Originally Posted by *reducereuserecycle* 
Not to scare anyone, but Tempurpedics are known as "the chemical bed." They contain more harmful chemicals than regular mattresses. I hope that if you do not already own one, that you carefully consider the future purchase of one. If you do own one that you recently purchased, you may still be able to send it back.

Can you elaborate or provide some links to these statements??

Thank you!!!

OP- I've heard that they are hot? Anyone who has one feel this way?


----------



## reducereuserecycle (Jan 16, 2007)

I don't have any links. I have read articals in the past that told how dangerous tempurpedics are. I know that www.lifekind.com does not come right out and say that Tempurpedics are chemical beds (because of lawsuits I guess) but they do imply that in some of their advertising. They market their natural rubber mattress as a safer alternative to memory foam mattresses (meaning temperpedic). I think if you research you will be able to find proof to this statement. Just think about the material. It is not even a natural material like cotton or wool, it is a synthetic foam material so that is a good indication it is made from chemicals.


----------



## LotusBirthMama (Jun 25, 2005)

Quote:


Originally Posted by *Parker'smommy* 

OP- I've heard that they are hot? Anyone who has one feel this way?


I haven't really noticed a temp difference.

It feels comfy all year long.


----------



## Ex Libris (Jan 31, 2004)

I recently brought a new one home and slept on it for one night before returning it to the store. I didn't need to read any articles or do research on the chemical dangers of these beds. I could smell it, and it was horrible. I took one look at my child with his head resting on the mattress and decided to find a natural mattress for us. After much research, I found one that's made of latex, coiled springs, wool, and cotton. It has a lifetime warranty, and it's completely natural.

IMO, I think that if you don't have one already, you should do a little more research.

Kelly


----------



## stanswife (Jul 30, 2006)

Quote:


Originally Posted by *reducereuserecycle* 
Not to scare anyone, but Tempurpedics are known as "the chemical bed." They contain more harmful chemicals than regular mattresses. I hope that if you do not already own one, that you carefully consider the future purchase of one. If you do own one that you recently purchased, you may still be able to send it back.

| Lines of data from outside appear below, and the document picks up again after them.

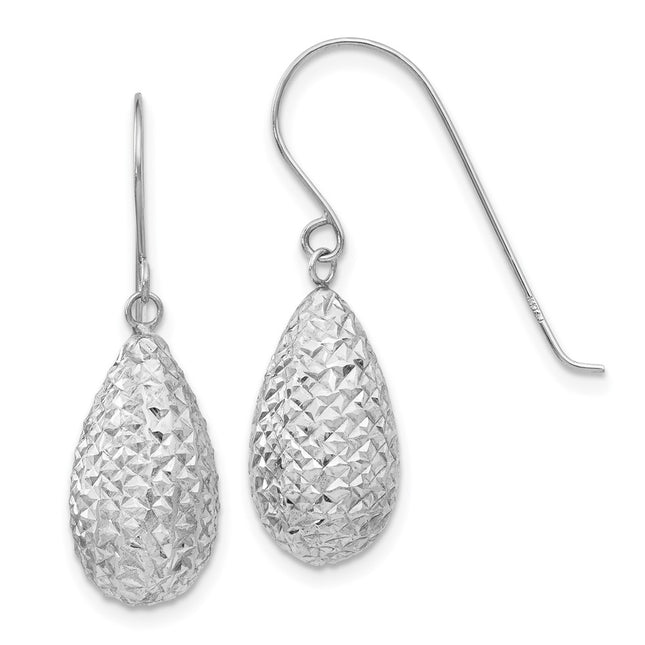 14k White Gold Earrings Style TL500 - Classique Jewelry Inc.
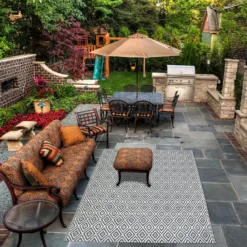 Homebase Outdoor Rug - Grey 120x180cm -Lifetime Sales 13953335 3724989199317315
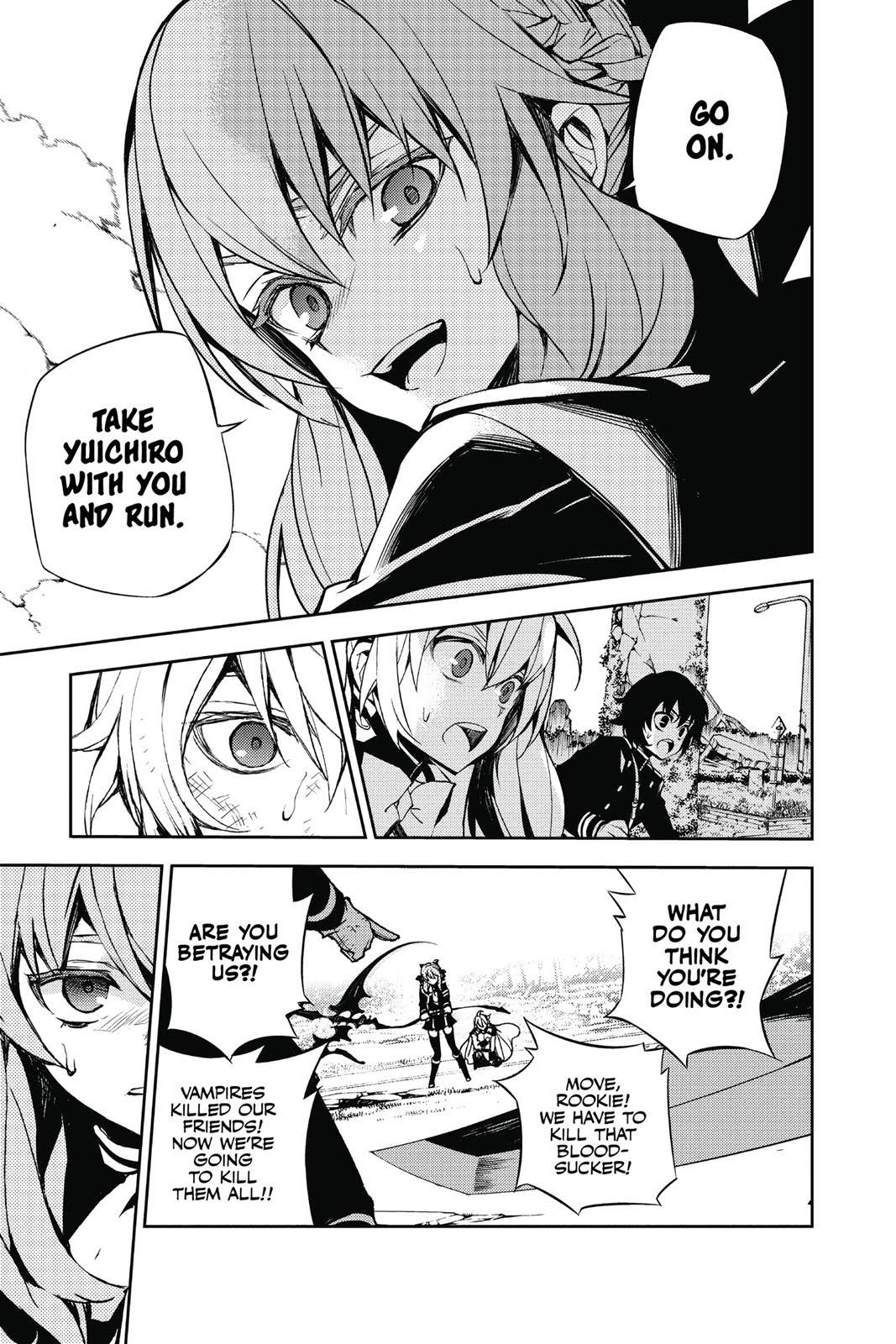 Read Seraph of the End Vampire Reign Manga Online
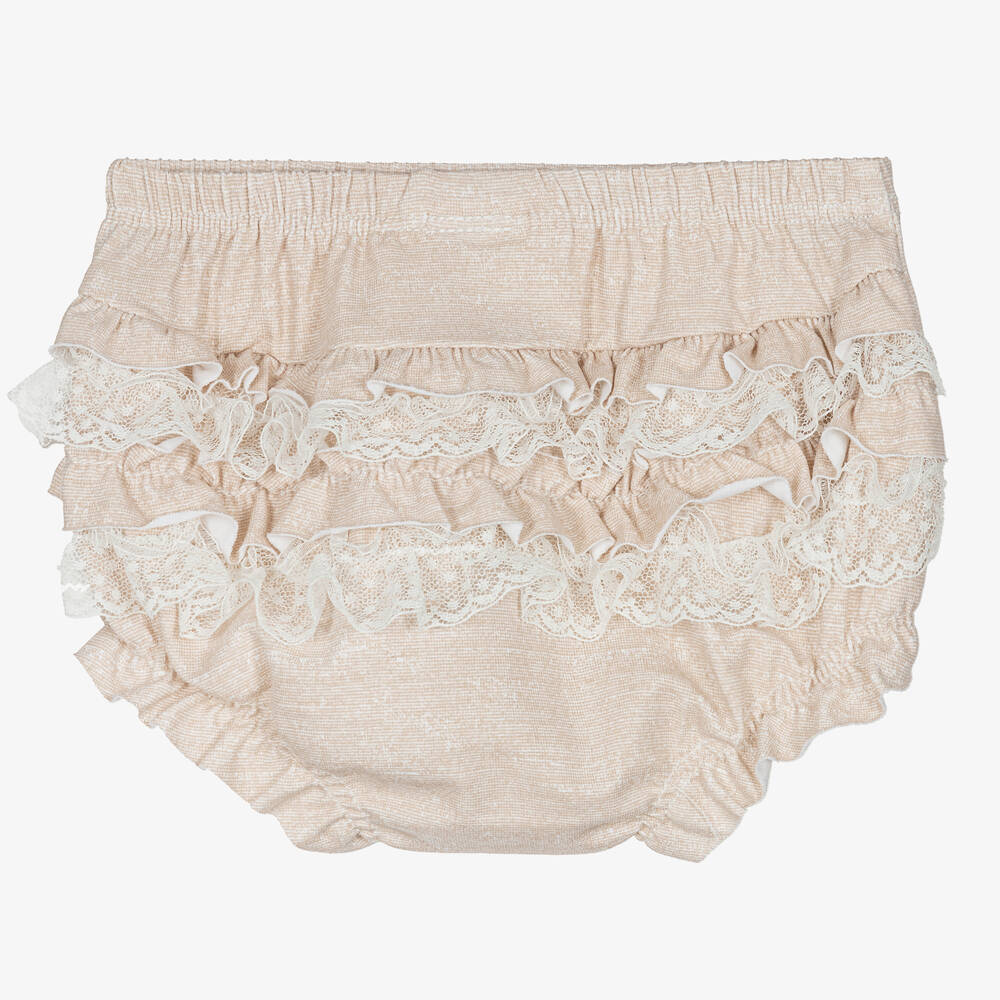 مايورال-سروال كشكش قطن مستدام جيرسي لون بيج للمولودات | Childrensalon Outlet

I found this too in my research. I think it's made mainly of petroleum products and the offgassing is supposed to be horrific. Try googling to find the information. We settled on an all natural latex mattress that is cheaper and much better for you.


----------



## junestars (Dec 2, 2004)

our ds has slept on our tempurpedic since day 1... he was born in 05 and we've had the mattress since 01 so hopefully the worst of any offgassing was long finished. Just to note though, I personally never smelled anything like a pp stated - nor did any of my 7 (seriously) family members and 5 close friends who also own tempurpedics without incident. I do attribute an almost life changing sleep experience since we've owned it. I can't tell you how much better we sleep and how much better i feel and live because of it. But knowing what I know now (regarding offgassing) I would of looked into a brand called organic-pedic, in fact I am looking into it for my son when he moves to his own bed. If it's a close match to a tempurpedic i'm sold. I just wish I could try it out somewhere......


----------



## gwynthfair (Mar 17, 2006)

My mom had to return her tempur-pedic after she ended up in the emergency room with lung/breathing issues. I would definitely research before buying. I'm not sure there's any scientific studies done, but there's tons of anecdotal complaints on the internet. (On tempur-pedic and foam mattresses in general.)

I'm sure some people are more sensitive to it than others, obviously.


----------



## NotTheOnlyOne (Oct 23, 2006)

Quote:


Originally Posted by *reducereuserecycle* 
I don't have any links. I have read articals in the past that told how dangerous tempurpedics are. I know that www.lifekind.com does not come right out and say that Tempurpedics are chemical beds (because of lawsuits I guess) but they do imply that in some of their advertising. They market their natural rubber mattress as a safer alternative to memory foam mattresses (meaning temperpedic). I think if you research you will be able to find proof to this statement. Just think about the material. It is not even a natural material like cotton or wool, it is a synthetic foam material so that is a good indication it is made from chemicals.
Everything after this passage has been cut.